Autorka: Bernadette McDonald Wydawnictwo Agora
Ceniona autorka górskiej literatury faktu przypomina się polskim czytelnikom. Poprzednio na liście: „8000 zimą. Walka o najwyższe szczyty świata w najokrutniejszej porze roku” (p. 11/2021). Tym razem skoncentrowała się na zaniedbanym temacie, czym w sensie rynkowym – i nie tylko – wygrała. Szerpowie, Baltowie, Ladakhowie, Hunzowie czy Bothiowie to ludy, które w kontekście wspinaczki czekają na hołd i zdecydowanie większe docenienie zasług.
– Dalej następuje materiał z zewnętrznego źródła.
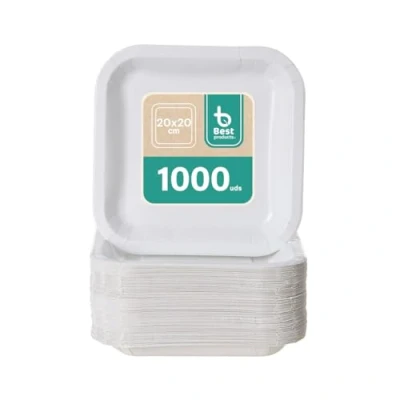 Imagen de BEST PRODUCTS 1000 Platos Desechables Cartón Ecológicos Biodegradables Compostables y Reciclables Para Fiestas Cumpleaños Comuniones o Eventos Cuadrados Llanos 20x20cm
Mało się przecież mówi o kulisach wielkich, wysokogórskich wypraw. Zdobywcy szczytów trafiają na pierwsze strony gazet, a lokalni wspinacze – pomocnicy gwiazd – mogą zapomnieć nawet o stronie ostatniej. Dlatego prezentowana pozycja jest w dużej mierze przełomowa, wypełnia lukę, przywraca właściwe reguły gry i elementarny porządek. Bohaterowie tej książki potrafią zrobić w górach wszystko: zaopatrzenie, gotowanie, przewodnictwo, instalacja lin. Czy robią to dla siebie – zdaje się pytać Bernadette McDonald?
To pytanie retoryczne, choć od 16 stycznia 2021 nie do końca. Wtedy to grupa dziesięciu Nepalczyków wspięła się na K2 i wywalczyła podmiotowość. Szli z tlenem, co dla górskich mistrzów jest nie do przyjęcia. I ten wątek także autorka wyjaśnia w swojej szczegółowej książce, w której w ujęciu historycznym opisuje drugo- i trzecioplanowe role w historii wspinaczki w górach wysokich. Pozycja zawiera indeks, bibliografię, przypisy końcowe, zdjęcia. Oprawa miękka, klejona.